# GTA San Andreas: freezes



## jo9100 (Mar 26, 2007)

Hi there!

I'm having a small problem in GTA San Andreas:

* Mouse sometimes goes unresponsive, and can or can not be reactivated by pausing and depausing
* When switching screens ( game -> pause , game -> save , save -> game, pause -> game ), the game freezes into black

I don't know if it's related, but if it can help you:
* When watching a video in full screen, the video sometimes rolls back to normal size without any input.

Computer:
Vista Ultimate, Pentium D 945 @ 3.77 GHz, 2.5 GB RAM, GeForce 7600GT, DirectX 10, Logitech MX Revolution mouse, Creative USB SoundBlaster sound card

Thanks!!


----------



## jo9100 (Mar 26, 2007)

Also, un-overclocking didn't make any changes


----------



## Super-D-38 (Apr 25, 2002)

Well, heres another Vista machine with a Win XP game... 
Some have no trouble with games, while others can't get games to work at any cost. 

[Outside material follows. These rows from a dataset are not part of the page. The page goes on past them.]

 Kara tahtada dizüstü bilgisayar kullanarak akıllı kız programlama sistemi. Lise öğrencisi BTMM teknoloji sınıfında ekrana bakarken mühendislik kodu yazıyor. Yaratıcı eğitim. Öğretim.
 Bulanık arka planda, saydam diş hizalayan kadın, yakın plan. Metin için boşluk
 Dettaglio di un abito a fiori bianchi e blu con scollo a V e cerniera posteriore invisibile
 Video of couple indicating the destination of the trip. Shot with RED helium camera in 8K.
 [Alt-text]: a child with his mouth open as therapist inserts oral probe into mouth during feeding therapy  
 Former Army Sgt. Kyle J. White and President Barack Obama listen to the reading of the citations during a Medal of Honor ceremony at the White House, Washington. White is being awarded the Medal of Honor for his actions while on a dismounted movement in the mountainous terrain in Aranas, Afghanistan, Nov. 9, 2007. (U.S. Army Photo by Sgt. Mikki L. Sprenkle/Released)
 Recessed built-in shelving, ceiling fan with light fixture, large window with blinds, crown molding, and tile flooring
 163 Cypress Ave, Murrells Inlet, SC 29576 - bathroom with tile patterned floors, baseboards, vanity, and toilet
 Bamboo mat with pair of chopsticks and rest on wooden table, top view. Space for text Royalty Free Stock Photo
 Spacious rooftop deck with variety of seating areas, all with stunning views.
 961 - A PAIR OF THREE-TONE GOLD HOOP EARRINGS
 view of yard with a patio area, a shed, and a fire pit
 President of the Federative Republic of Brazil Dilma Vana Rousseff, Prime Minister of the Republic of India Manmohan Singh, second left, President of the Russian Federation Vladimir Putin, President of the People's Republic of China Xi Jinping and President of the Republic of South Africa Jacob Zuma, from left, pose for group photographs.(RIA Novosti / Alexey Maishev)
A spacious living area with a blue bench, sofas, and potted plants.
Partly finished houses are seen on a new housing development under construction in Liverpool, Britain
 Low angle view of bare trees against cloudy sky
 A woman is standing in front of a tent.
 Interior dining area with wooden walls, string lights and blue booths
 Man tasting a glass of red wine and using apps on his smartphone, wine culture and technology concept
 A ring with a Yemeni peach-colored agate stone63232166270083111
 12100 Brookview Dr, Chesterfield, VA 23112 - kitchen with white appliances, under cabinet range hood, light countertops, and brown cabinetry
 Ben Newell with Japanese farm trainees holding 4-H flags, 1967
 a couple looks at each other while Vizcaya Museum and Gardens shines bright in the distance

Just be sure your drivers are up to date and you have defragmented your hard drive.
That's as far as my suggestions can go as I have never tried Vista and kinda fear doing so.
It does sound video related though.


----------



## robohawk (Jun 29, 2008)

i see you have 2.5 gb ram thismay not apply but if your ram sticks are un equal like two 1 gb and two 256 mb your machine will only run the lowest matching sticks taking you down to 512 mb not 2.5gb if you have i 2bg and 1 512mb your only running 1/2 gb ram so make sure all sticks are even and if there is more than one installed make sure board bios are configured to dual channel.The card is a little outdated also try to ateast upgrade to geforce 8500 or 8600 recommended.85 is cheap and you can get lowest settings for most games.your gmae also should be set on lowest settings and make sure bacround tasks are limted as well which you can configure by going to start in the search type sys and choose system configuration.go in there and do not allow anything to start up that is not necessary.also if your playing behind a firewall this will eat up your process speed so its not recomended to allow the fire wall to start with windows if your not going to be accessing the internet.stopping the processes before they start will not affect most processes they will start when you need them to suach as google update will start when you access the internet


----------